**Exercise:**
In the listing that follows, find the line with "Đôi giày Lò", then copy exactly from it through the line with "TOYOTA CAMRY image 2", leaving out every picture.

**Dataset content:**
● ● ●
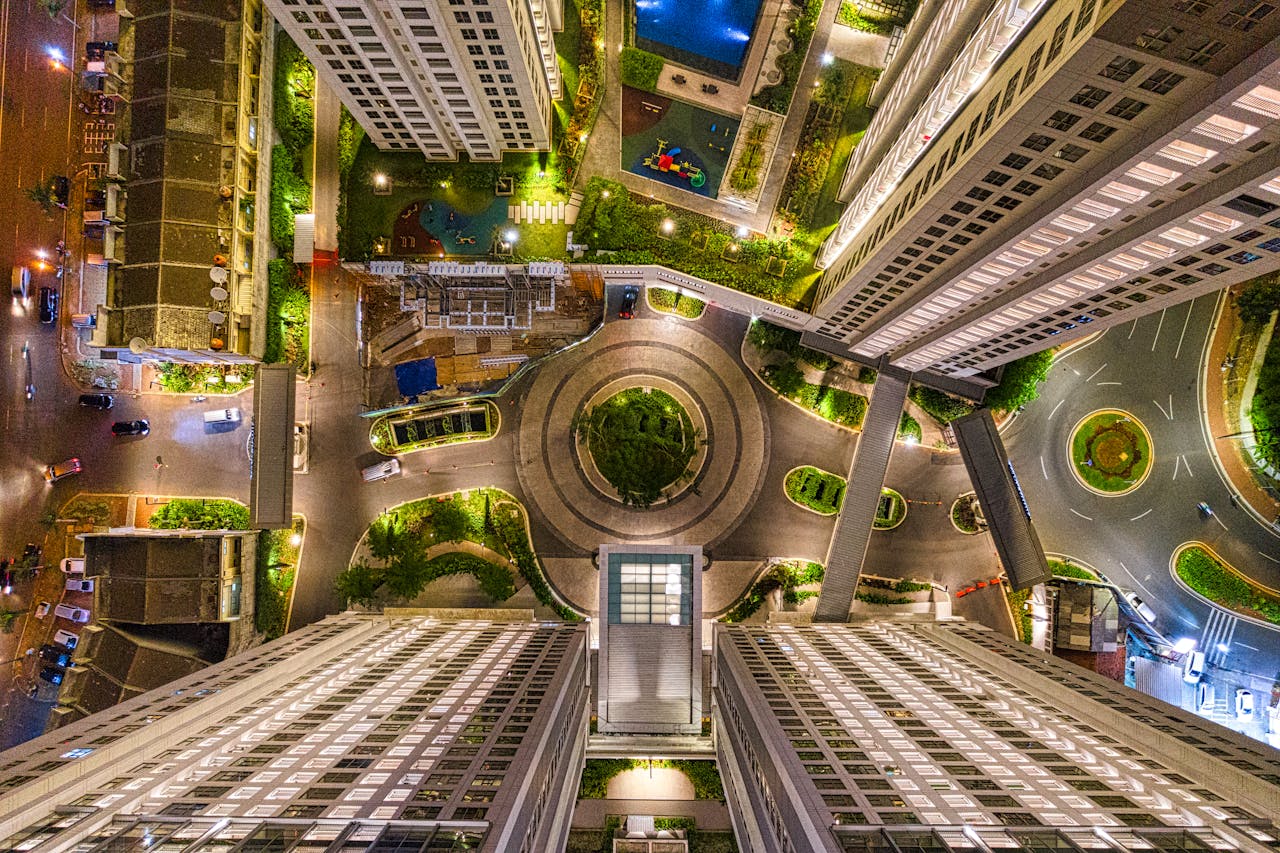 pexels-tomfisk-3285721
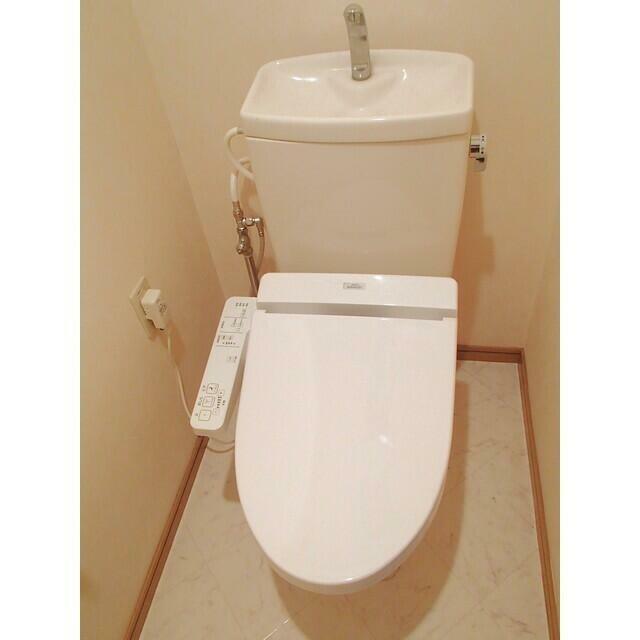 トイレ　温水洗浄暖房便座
● ● ●
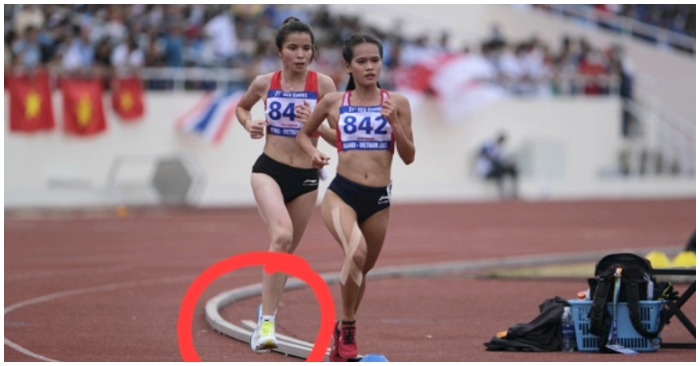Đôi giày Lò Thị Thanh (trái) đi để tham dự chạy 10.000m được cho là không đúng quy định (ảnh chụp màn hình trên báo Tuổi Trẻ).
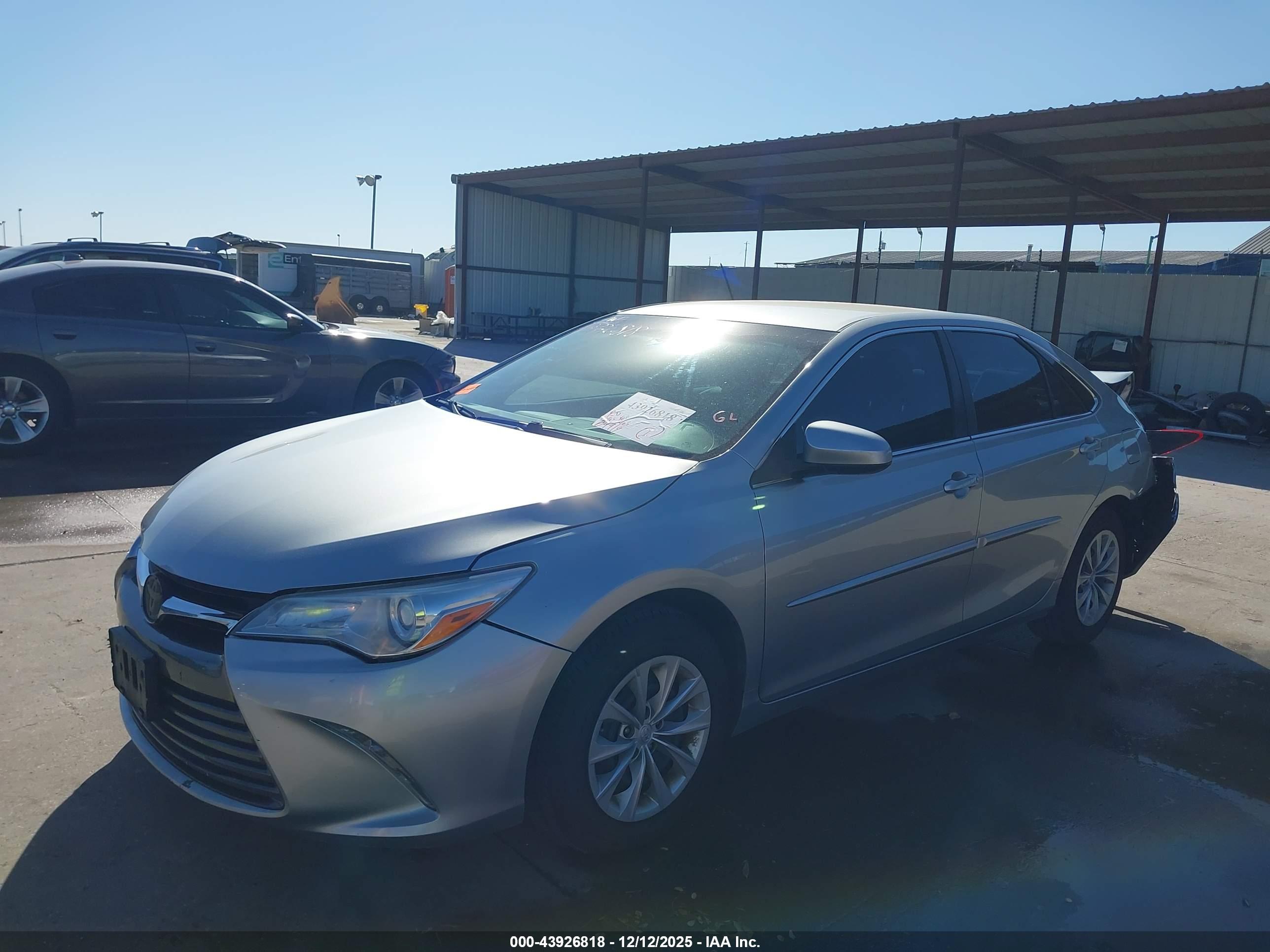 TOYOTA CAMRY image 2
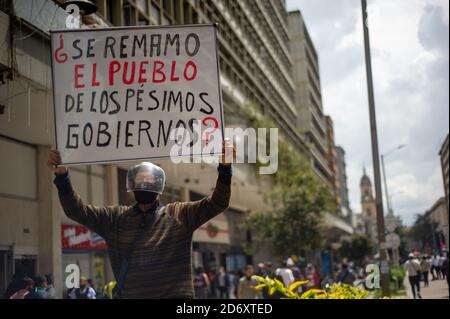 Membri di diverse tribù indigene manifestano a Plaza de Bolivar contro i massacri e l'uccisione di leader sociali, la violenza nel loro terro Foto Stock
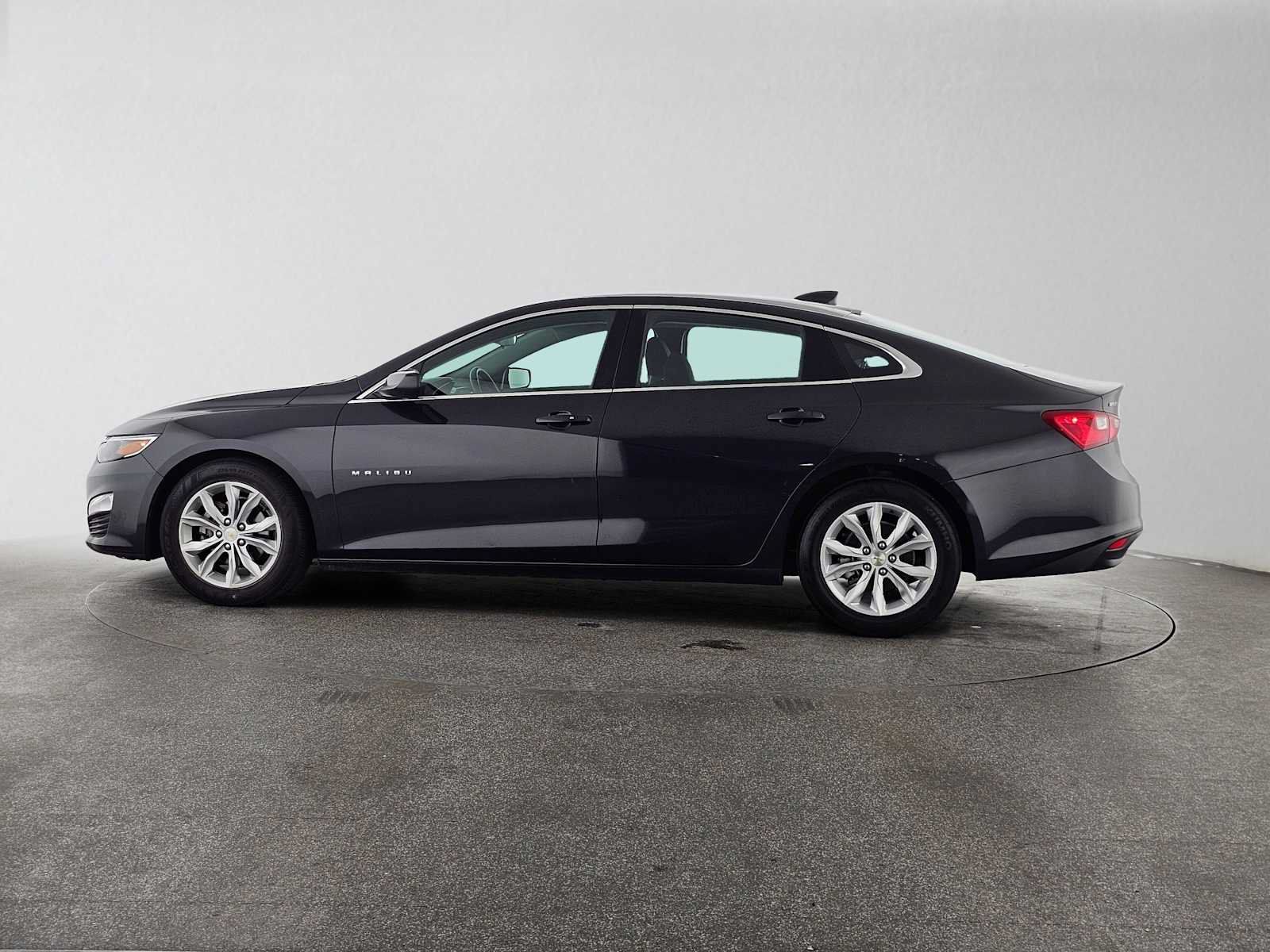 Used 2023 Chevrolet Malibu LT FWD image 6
● ● ●
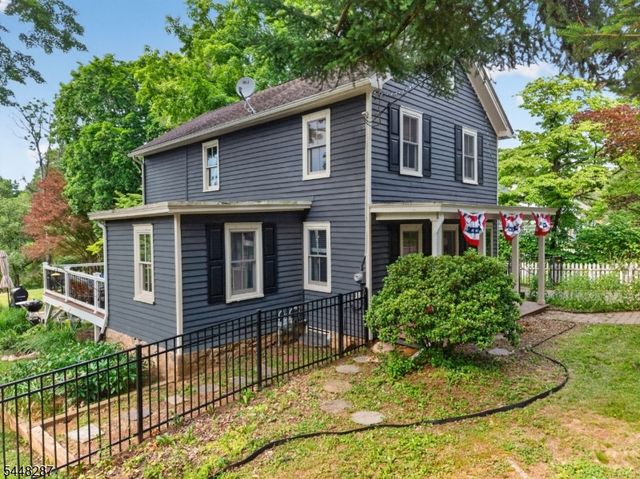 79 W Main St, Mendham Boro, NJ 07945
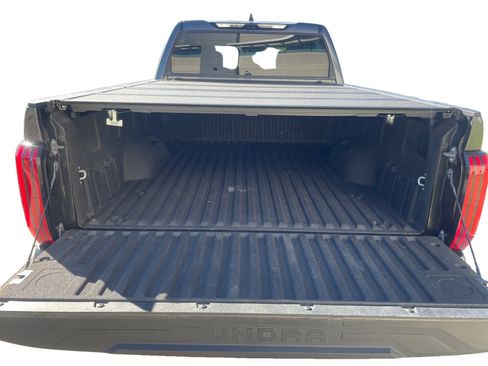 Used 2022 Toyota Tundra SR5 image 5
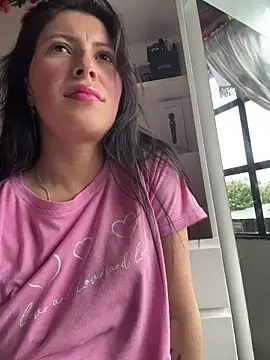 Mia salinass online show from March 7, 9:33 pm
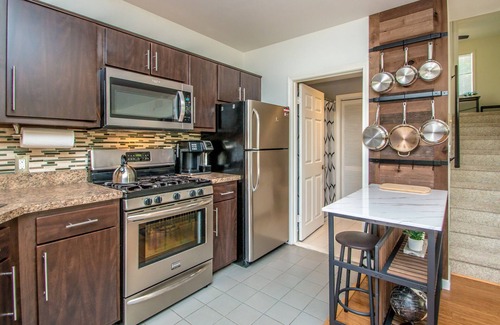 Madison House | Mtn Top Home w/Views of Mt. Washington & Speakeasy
● ● ●
**Task answer:**
Đôi giày Lò Thị Thanh (trái) đi để tham dự chạy 10.000m được cho là không đúng quy định (ảnh chụp màn hình trên báo Tuổi Trẻ).
 TOYOTA CAMRY image 2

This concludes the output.